District Attorney Lea called to the stand Gilbert Boalt, who was staying at the Sanitarium the night of the explosion. He testified that he saw Dr. Burke the next morning and he appeared very nervous, with shaking hands and avoiding eye contact. Boalt knew why Burke was uneasy – at that moment, Lu Smith was on the telephone to attorney Charles Stetson Wheeler in San Francisco. Boalt knew this fact because he was there acting as a lawyer working for Wheeler.
Lea revealed the cornerstone of the prosecution’s case: It was the unexpected arrival of Boalt that caused Burke to panic and attempt to murder Lu Etta Smith that very evening. If she had retained Wheeler’s firm to bring a damage suit against him, all of Burke’s secrets were bound to tumble out.
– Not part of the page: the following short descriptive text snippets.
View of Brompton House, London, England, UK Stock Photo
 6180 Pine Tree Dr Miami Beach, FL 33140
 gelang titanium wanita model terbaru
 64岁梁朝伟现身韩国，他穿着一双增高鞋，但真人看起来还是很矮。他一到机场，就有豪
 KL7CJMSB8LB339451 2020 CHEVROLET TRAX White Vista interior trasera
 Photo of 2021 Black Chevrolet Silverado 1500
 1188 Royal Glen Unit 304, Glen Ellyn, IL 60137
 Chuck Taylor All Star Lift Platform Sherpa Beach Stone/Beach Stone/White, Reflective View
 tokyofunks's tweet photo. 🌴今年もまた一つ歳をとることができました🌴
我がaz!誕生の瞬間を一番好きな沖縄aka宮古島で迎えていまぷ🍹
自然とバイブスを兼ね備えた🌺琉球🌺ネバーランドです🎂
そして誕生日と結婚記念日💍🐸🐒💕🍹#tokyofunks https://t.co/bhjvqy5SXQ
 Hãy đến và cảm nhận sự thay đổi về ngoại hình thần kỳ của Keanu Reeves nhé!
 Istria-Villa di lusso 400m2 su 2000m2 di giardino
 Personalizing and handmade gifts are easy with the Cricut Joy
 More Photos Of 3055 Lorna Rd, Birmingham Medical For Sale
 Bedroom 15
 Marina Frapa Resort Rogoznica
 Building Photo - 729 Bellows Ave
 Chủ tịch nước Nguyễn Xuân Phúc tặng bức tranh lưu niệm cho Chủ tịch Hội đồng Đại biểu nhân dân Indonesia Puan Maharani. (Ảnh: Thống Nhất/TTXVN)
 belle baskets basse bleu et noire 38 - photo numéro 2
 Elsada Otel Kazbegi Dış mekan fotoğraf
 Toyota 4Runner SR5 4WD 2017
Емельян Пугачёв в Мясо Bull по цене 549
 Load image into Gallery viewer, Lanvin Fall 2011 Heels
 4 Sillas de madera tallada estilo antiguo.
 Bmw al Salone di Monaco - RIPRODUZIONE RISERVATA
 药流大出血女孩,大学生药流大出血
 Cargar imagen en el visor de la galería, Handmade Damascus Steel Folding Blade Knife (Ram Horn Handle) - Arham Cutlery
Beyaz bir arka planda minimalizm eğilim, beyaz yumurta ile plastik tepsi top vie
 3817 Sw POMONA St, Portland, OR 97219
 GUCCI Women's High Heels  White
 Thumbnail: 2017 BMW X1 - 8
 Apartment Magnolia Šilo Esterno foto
Wheeler was likely the most renowned attorney on the West Coast and prominent in state and national Republican party politics; he was the personal lawyer for Phoebe Hearst, a Regent of the University of California, and a leader in the group of prominent men who took charge of the reconstruction of San Francisco after the 1906 earthquake. Dr. Burke must have realized he had no chance of mounting a defense against such a legal powerhouse. And surely Lu Etta was planning to depart with Boalt, possibly as early as the next morning.
With the court soon to adjourn for New Year’s, the District Attorney left the jury with a clear motive to ponder during their week off. And you can also bet every armchair detective following the trial sighed in deep satisfaction: The “A-ha!” moment was now revealed.